We based this replica Grape cup on a find from the Wilsford G7 Bronze Age barrow from the Greater Stonehenge landscape. This site is of immense archaeological importance consists of 19 round barrows that make up a significant cemetery. This lovely little cup is just one of the many treasures that archaeologists unearthed during excavations of this ancient landscape.
The making of this cup is a true labour of love, with several rings of beads running around the body of the pot, each row consisting of around 26 balls of clay. It takes great care to apply the beads to the pot's surface and creates a vessel that is elaborate and very tactile. The finished article really is beautiful to hold.
The pot also features holes that the maker had pierced in the spaces between the clay beads. These holes would create good air circulation, making it likely that the makers used the pot to contain something that required ventilation, such as fire, perhaps.
Often referred to as an incense cup, the cup's true purpose is unknown, although several theories have been put forward over the years. One of the more plausible suggestions is that the creators of this style of cup used it to carry a lump of smouldering coal from the home hearth to the ceremonial cremation site.
This use would explain the function of the beads that allow air to circulate between them and stop your hand directly touching the pot's surface, which does get hot from the coal inside. It would also explain why there have been several of this style of vessel found in burial goods.
It also makes a good handwarmer; we have experimented with this.
But the truth is we will never know for sure.
Smoke fired Terracotta
Diameter 80 mm x Height 65 mm
Completely hand-built, from clays similar in character to those used by the original potters, this vessel has been fired in a wood fire to emulate the original's surface colouration. It has finished with beeswax polish, a material also identified in residue analysis of the originals. When there is evidence of Neolithic potters' tool use, I have replicated such tools using stone, wood, shell, bone, and antler based on original finds or information gained from marks on original artefacts.

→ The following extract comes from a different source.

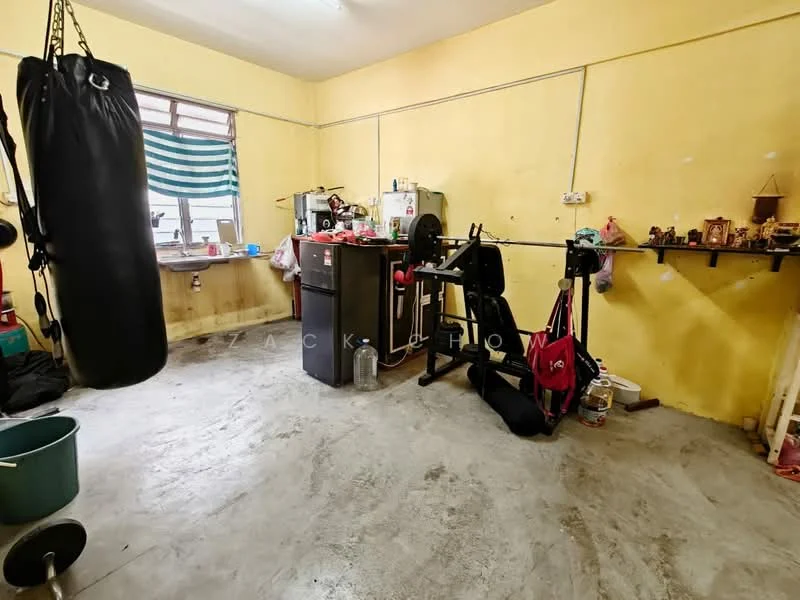 Room features: yellow painted walls, concrete flooring, window with striped curtains, refrigerator, weight bench, dumbbells, punching bag, various containers and items on shelves, plastic bucket, decorative items on shelves.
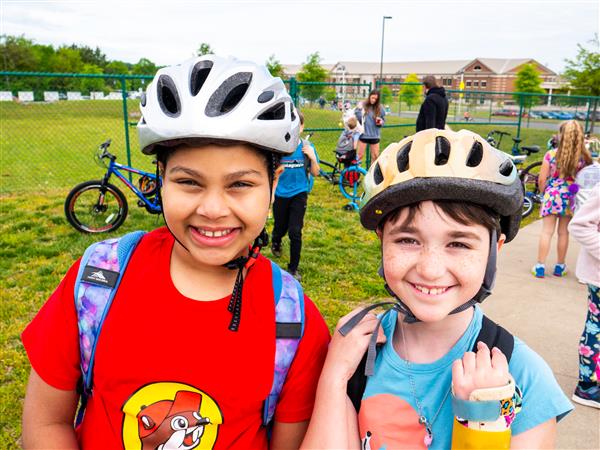 Students bike to school in the morning.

We have fired this pot to emulate the ancient firing conditions. The original pot was fired in an open wood fire, in close contact with the fuel, a process that leaves its mark on the clay as variations in the surface colour. However, the low temperatures achieved in open firings also result in relatively weak pots, so this pot has been fired to a somewhat higher temperature to strengthen it, in a unique firing process that allows me to achieve an authentic appearance to the pot.
Health and Safety
This pot is a Museum Quality Replica made using the tools and techniques that potters would have used during the ancient era. As this is an unglazed pot with a porous surface, it will absorb some of the flavours during the cooking process, which does add to the taste of future dishes. However, it does also mean that this pot does not meet modern Health and Safety standards, and therefore, we do not advise that it be used for cooking. When ancient cooks cooked in these pots, they relied on applying sufficient heat to the pot and contents to ensure that heat killed all bacteria. Heating to over 70°C for at least 10 minutes would have killed most disease-causing bacteria, and temperatures of 100°C would do even more.